Although I'm not doing a deliberate 29-day cycle like the author, this little book has definitely made me more aware of any gifts I give - or receive. How giving something as simple as a smile or something small, as long as you do it deliberately, can have quite an impact on you. And, how giving and receiving need each other, how you can't have one without the other. Like Walker says, giving and receiving is "an exchange of energy - a universal transaction that each one of us takes part in over and over, moment to moment."

I'm also GIVING myself permission - to GIVE UP on something. And that something is an expectation of who I need to be with, who I need to find for myself. I'm single these days, and have had a few beginnings and then baby ends of relationships since I broke up with Chris three months ago. And as a real go-getter of a person, I can really start believing the feeling that if I want a relationship, I just have to make it happen! It's a false assumption - that work equals success - and it becomes overpowering. Then I either come on too strong to the next cute fella who walks across my path, or I get disappointed in myself for "not having a boyfriend, already."

But having a relationship and finding someone to have it with are not the same animal as, say, ditch-digging. With a ditch, you know where you stand. You've got a shovel, you dig, you make a ditch. But with a relationship, there are so many factors involved that it's amazing we think we have any control over it at all!

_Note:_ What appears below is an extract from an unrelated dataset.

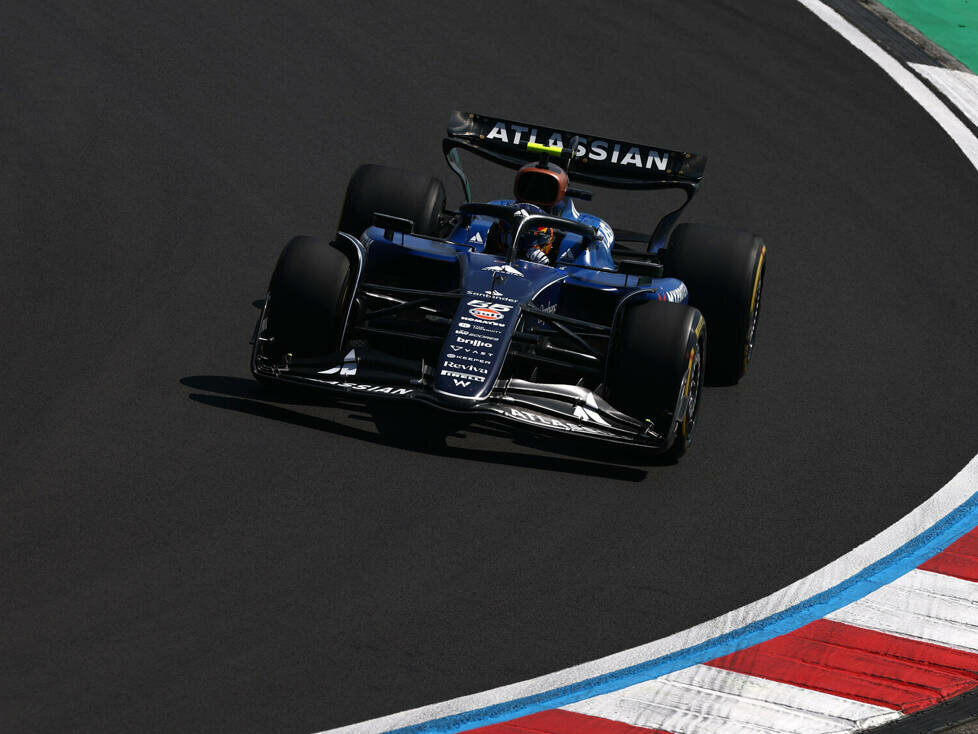 Carlos Sainz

So as a gift to myself - I'm giving myself the permission, the right, the chance, to let go, GIVE UP, the big ol' WANT I carry around with me most of the time. Which is of: A future, a fantasy of a great relationship. "Wouldn't it be SO NICE," I think while driving around a neat place I've never been to before, "To be here with a man? To be with MY MAN, the one who hasn't yet walked into my life?" I spiral off into future-fantasy-thoughts.

What I have to do: bring it back to this moment, to right here, to me, being. I'm good enough as I am, on my own, just like this.


Reminding myself of that, and being gentle with myself as I do it, is actually a gift I that I can give myself. And that myself feels really relieved to receive.